(Short web captions)
....

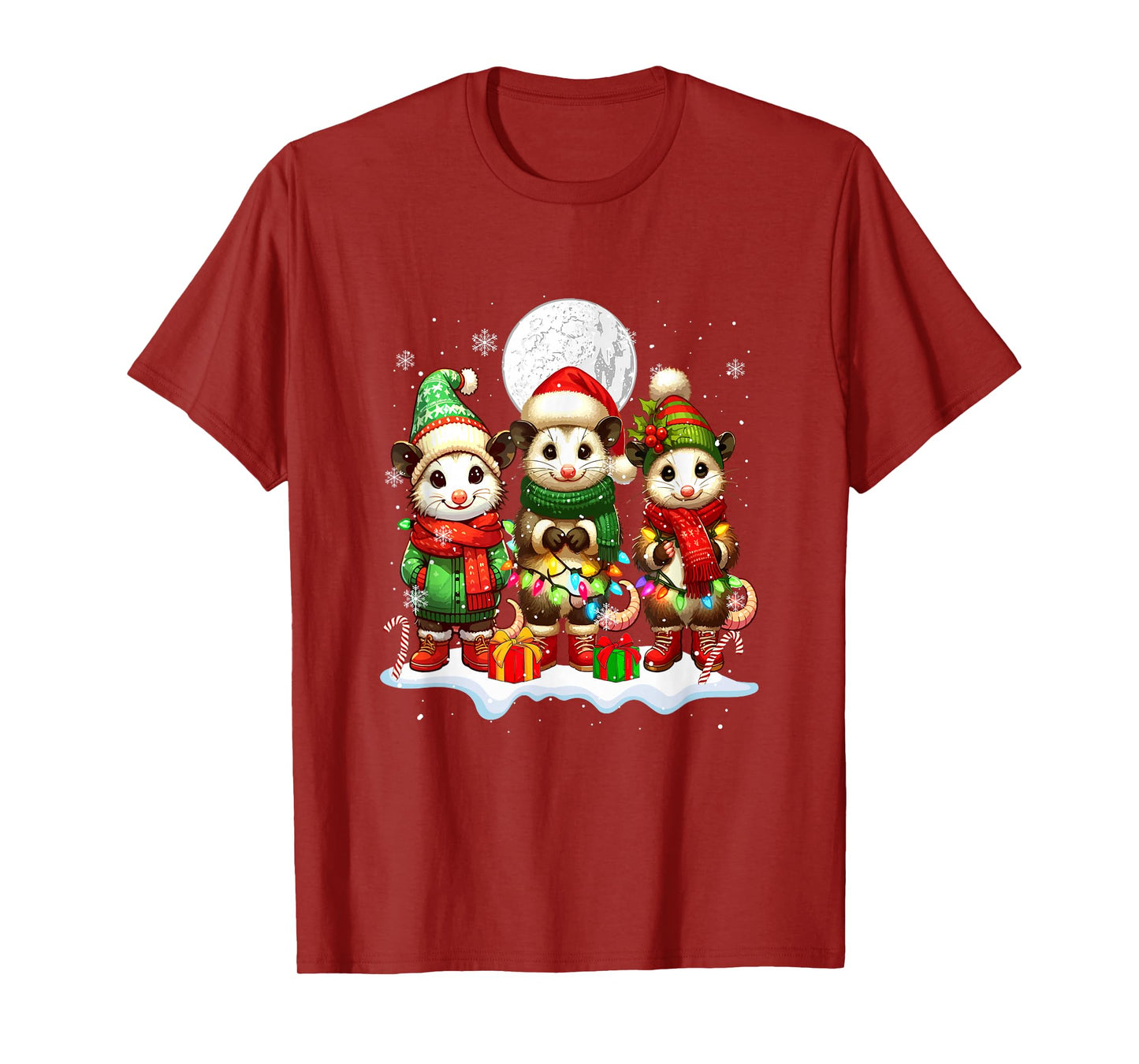 Three Santa Opossums Christmas Snow Colorful Lights Lover T-Shirt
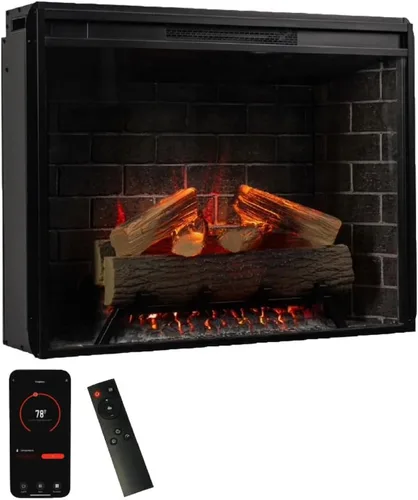 Modern Ember Uptown - Inserto de chimenea eléctrica inteligente de 33 pulgadas con control remoto, compatible con Alexa - Calentador eléctrico de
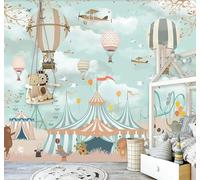 XLMING Romántico Dibujos Animados Globo Aerostático Cielo Paisaje 3D Papel Pintado Pared Premium Textura Seda Estudio Comedor Vinilos Dormitorio Sofás TV Cocina-430cm×300cm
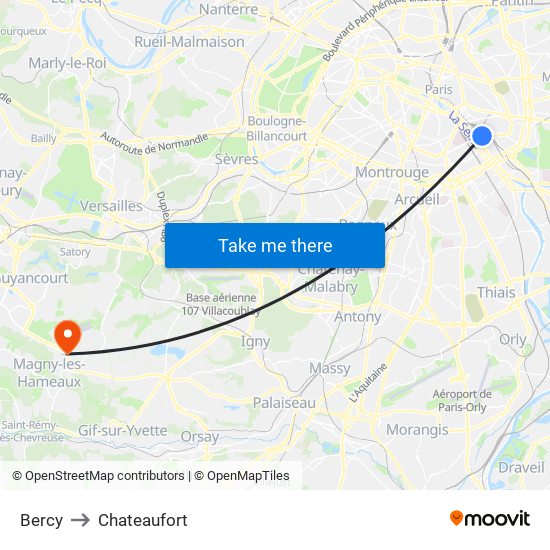 Bercy to Chateaufort map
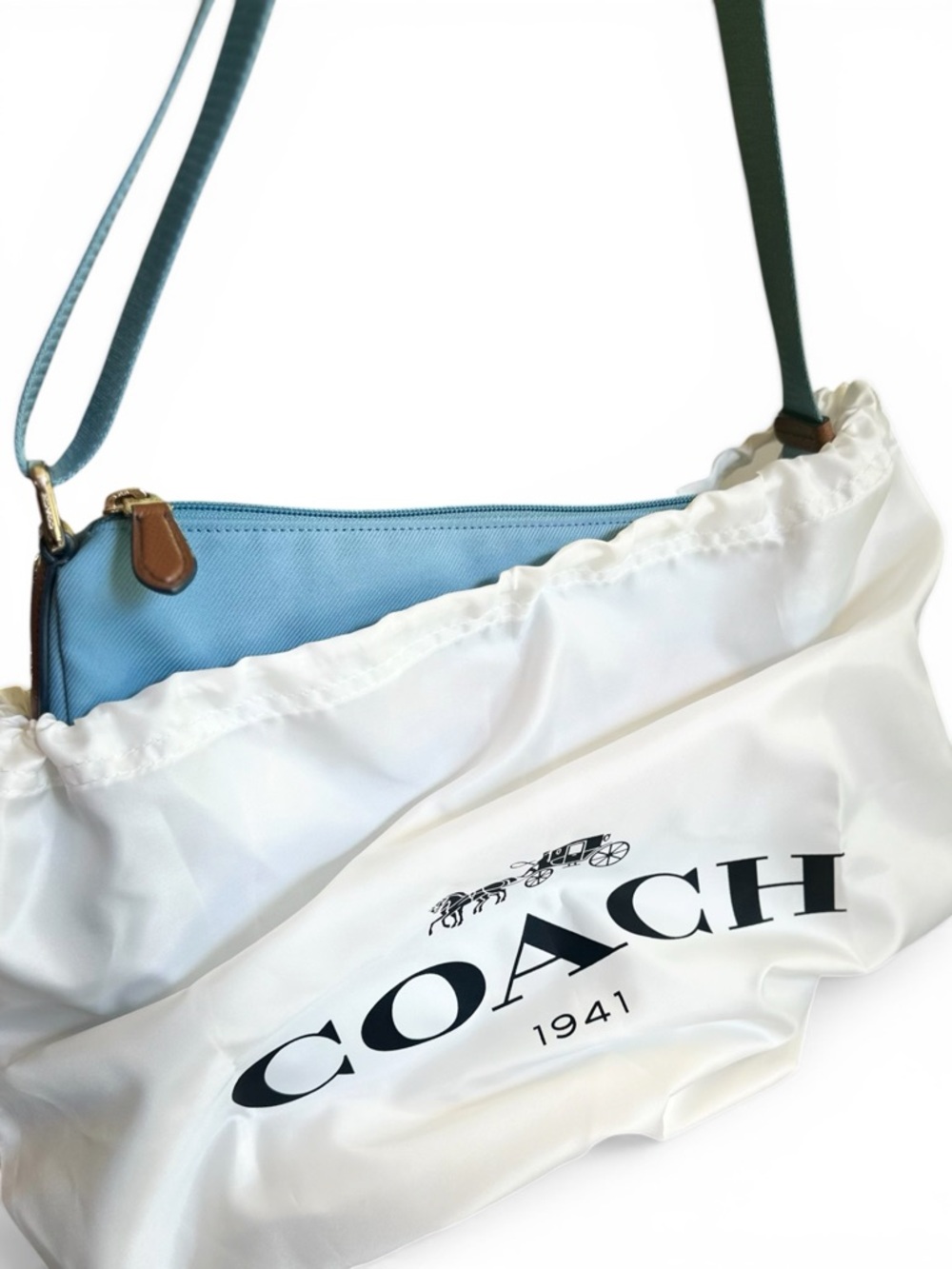 Coach Sawyer Crossbody Bag Blue Nylon Leather Trim NWT Dust Bag - Picture 6 of 16
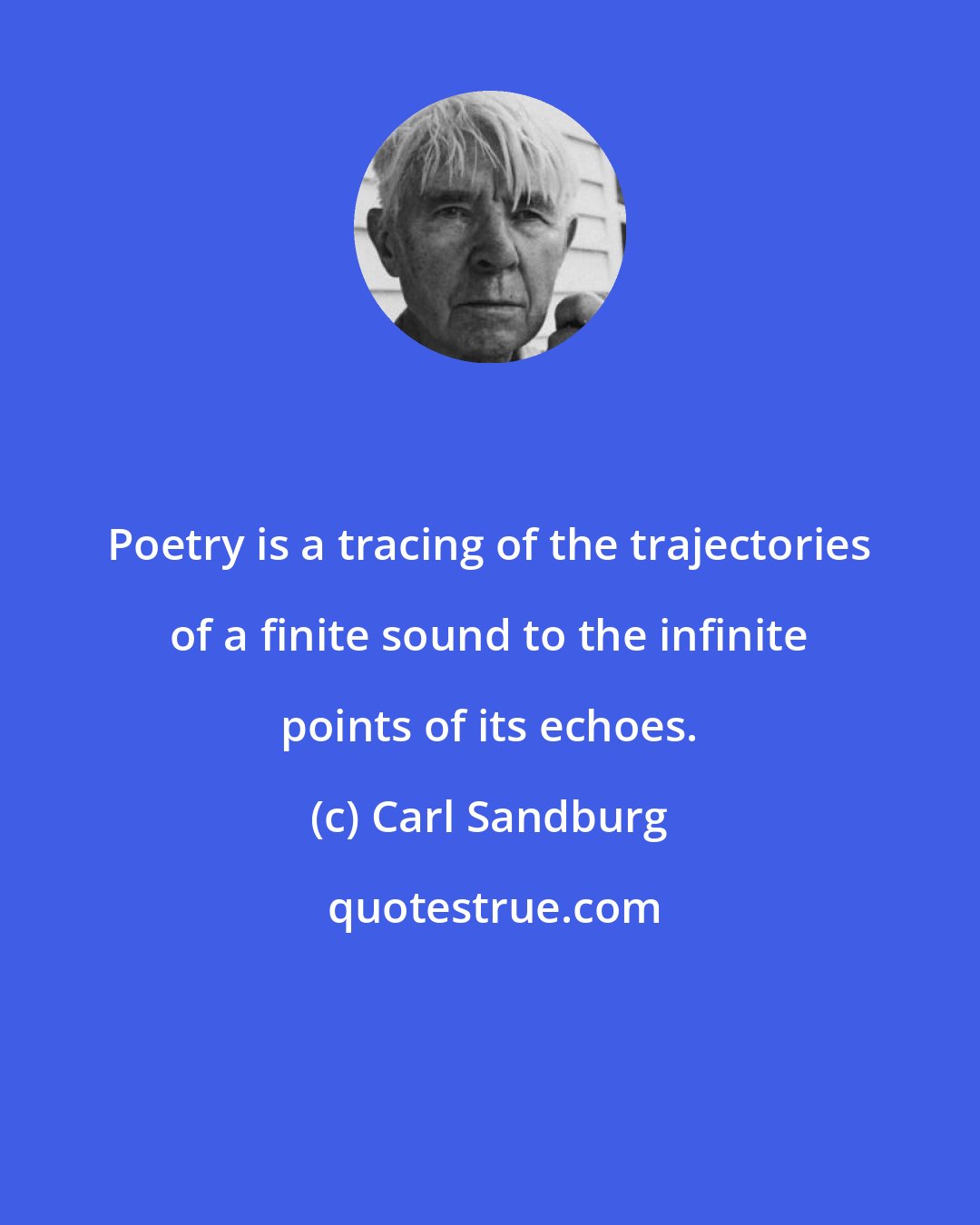 Carl Sandburg: Poetry is a tracing of the trajectories of a finite sound to the infinite points of its echoes.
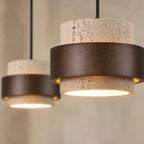 Travertine and walnut drum pendant light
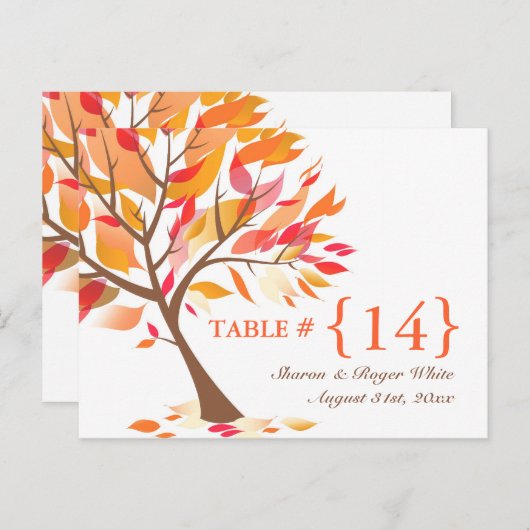 Herfst Thema Trouwtafel Aantal Zitplaatsen Kaarten (Voorkant / Achterkant)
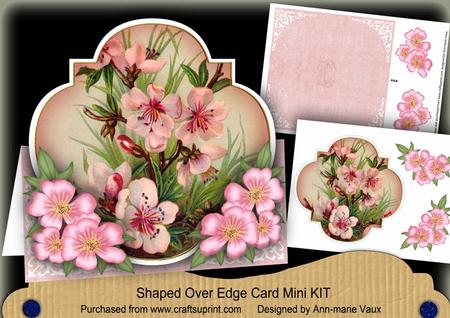 Pink Cherry Blossom Fancy Over 3D Mini Card Kit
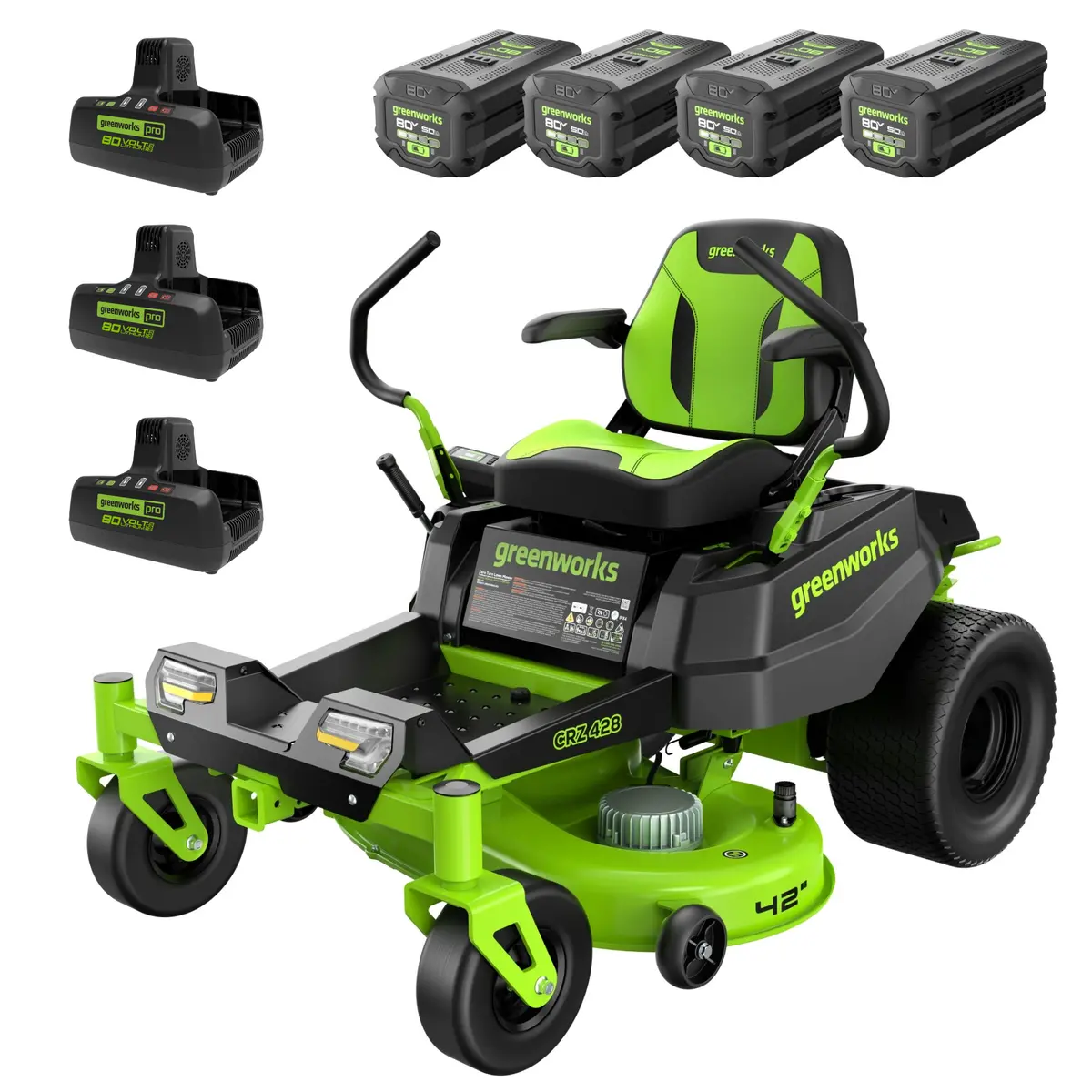 80V 42" Cordless Battery Crossoverz Zero Turn Lawn Mower, (4) 5Ah Batteries And (3) Dual-Port Chargers 1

....

**WHAT TO PRODUCE**
Pictures are not part of the copy. Extract exactly the lines from the line containing "Pink Cherry Blossom" through the final line of the entries above, both included.

**WORKED SOLUTION**
 Pink Cherry Blossom Fancy Over 3D Mini Card Kit
 80V 42" Cordless Battery Crossoverz Zero Turn Lawn Mower, (4) 5Ah Batteries And (3) Dual-Port Chargers 1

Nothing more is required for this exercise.